Третий вариант еще рентабельнее, но он довольно редок. Идеальная автобиография может принадлежать отпрыску Ландрю от проститутки, которую он не успел прикончить. Родившийся в нищете автор скитается по тюрьмам и в конце концов по настоянию адвоката описывает хронику своих преступлений. Конечно, он украшает ее вымышленными подробностями, ибо нет ничего скучнее реального, откровенно корыстного преступления. Из его опуса следует, что за все его злодеяния ответственно общество.
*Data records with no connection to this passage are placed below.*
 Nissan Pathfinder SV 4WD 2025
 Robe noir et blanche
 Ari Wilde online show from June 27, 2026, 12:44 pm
Добавим, что нередко, получив кучу денег, буян устраивает свою жизнь на вполне буржуазный лад и оканчивает ее без осложнений, не забыв составить завещание в присутствии нотариуса.

Наконец, в равной мере пользуется успехом у современников четвертый вариант, еще более редкий, что неудивительно. Автор из весьма благородной, но обедневшей семьи становится барменом (или танцовщицей, выступающей в обнаженном виде). В роскошном отеле или ночном клубе происходит провиденциальная встреча автора с английским лордом (или американкой-миллионершей), и жизнь оборачивается волшебной сказкой, придуманной на потребу дураков. Во втором браке она (он) соединяет судьбу с судовладельцем, наследным принцем или кинозвездой. Обычно эти автобиографии от "а" до "я" сочиняют так называемые "re-writers", которых следует называть просто "writers". И вот нам преподносят роскошную жизнь: яхты, казино, кражи драгоценностей, ужины со знаменитостями и суровые испытания чувств, подпитываемых транквилизаторами и наркотиками. Не мешает сдобрить все это по возможности щедрой порцией судебных преследований за чересчур реалистическую постановку "Жюстины" маркиза де Сада или "розовых" и "голубых" балетов на сцене частного особняка.
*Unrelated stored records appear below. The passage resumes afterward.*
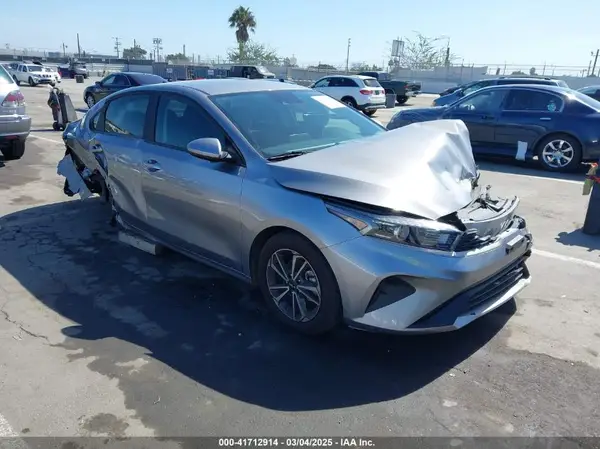 3KPF24AD6PE672174 2023 KIA FORTE - Image 1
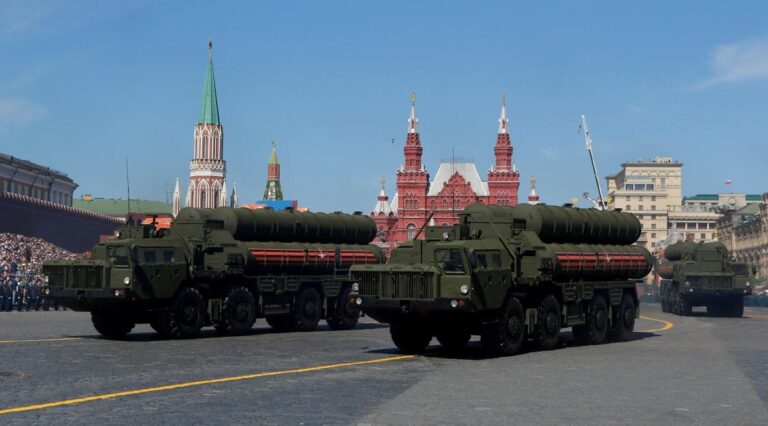 Хронологія переходу РФ на ракети С-400 для ударів по Києву: від запасів до комбінованих атак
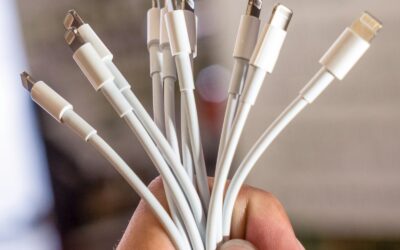 How to safely transfer data to a new mobile device without losing anything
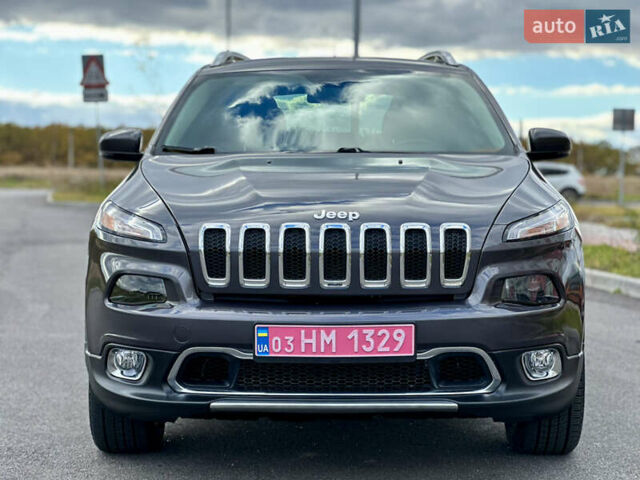 Джип Cherokee 2017 у Вінниці на Automoto.ua Сірий Джип Cherokee, об'ємом двигуна 2.4 л та пробігом 136 тис. км за 16777 $, фото 37 на Automoto.ua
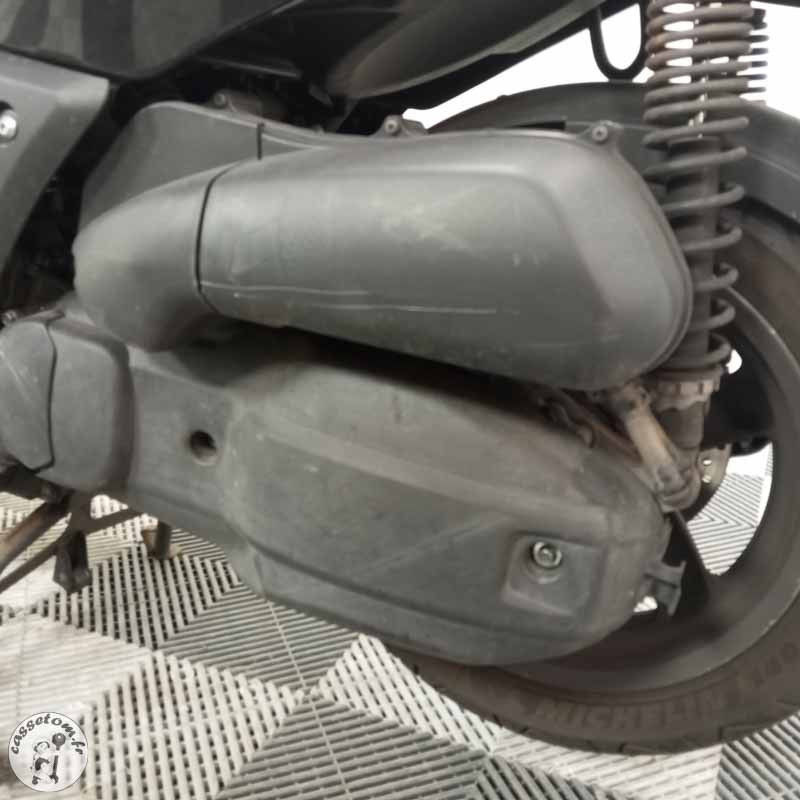 YAMAHA X MAX 125 2011 accidenté - La Casse de l Oncle Tom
Итак, мне приходится с изрядной долей смирения упоминать о своем происхождении и описывать семью, по крайней мере за сто лет ни разу не снискавшую скандальной славы. Разумеется, я была бы вполне счастлива вести свой род от доброго ремесленника или крестьянина, но тогда бы мне не удалось так же глубоко во времени проследить историю своих предков. В наследство от них мне досталось только имя. Зато оно принадлежит мне наверняка и неотъемлемо, в отличие от богатства, которое я могла бы унаследовать.
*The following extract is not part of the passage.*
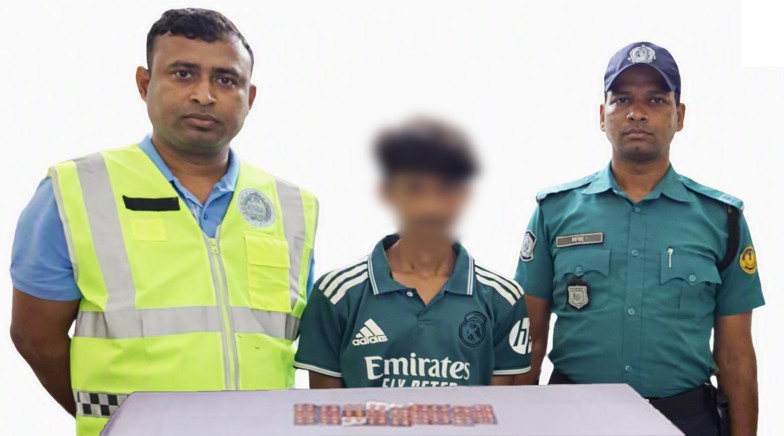 রাজশাহী মহানগরীতে আরএমপি’র মাদকবিরোধী অভিযানে ১ মাদক ব্যবসায়ী গ্রেপ্তার; ট্যাপেন্টাডল ট্যাবলেট উদ্ধার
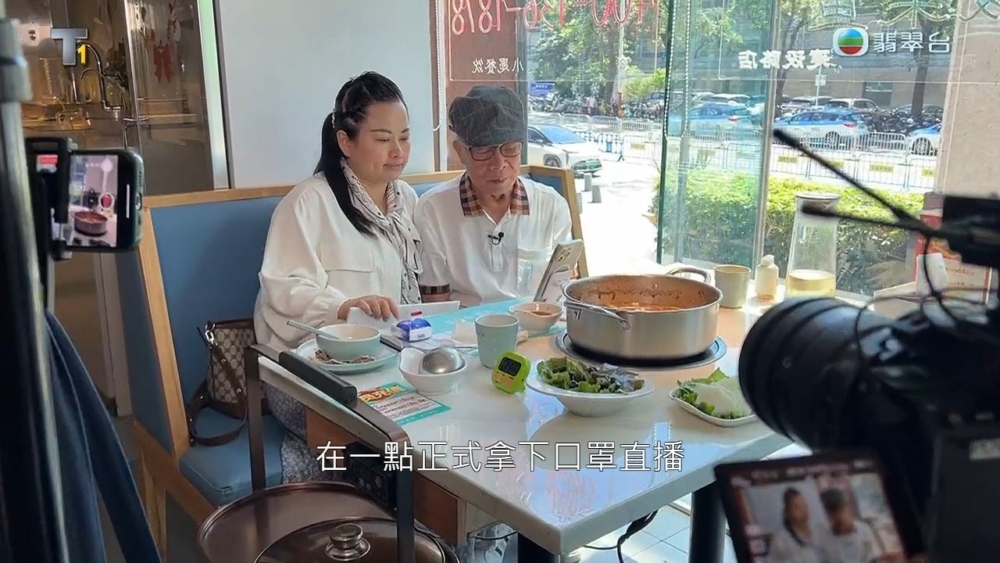 日前,《東張西望》再次採訪何伯與新何太,紀錄二人在深圳開直播的情況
Древний род норманнского происхождения - Шаховские, подобно многим русским княжеским фамилиям, ведут родословную от воинственного Рёрика, или Рюрика, в XI веке пришедшего на Русь со своими соратниками и ставшего ее первым правителем. Его дети, внуки, правнуки стали удельными князьями, феодальными властителями разных городов.

Родословные русских князей, имея в древности большое значение для определения прав наследования, веками велись самым тщательным образом. Благодаря этому мне известно, что я - представительница 31-го по счету поколения от Рюрика и 14-го - от Константина, князя Ярославского, в XV веке прозванного Шахом.

По женской линии мне передалась норвежская, шведская, византийская, английская и, конечно, татарская кровь, - ибо один из моих предков был женат на Анне Ногайской, внучке Чингисхана, который, вероятно, имел большое потомство от своих многочисленных жен. Само собой, течет во мне и плебейская русская кровь - ведь и Святой Владимир, князь Киевский, был сыном простой женщины, придворной кастелянши по имени Малуша.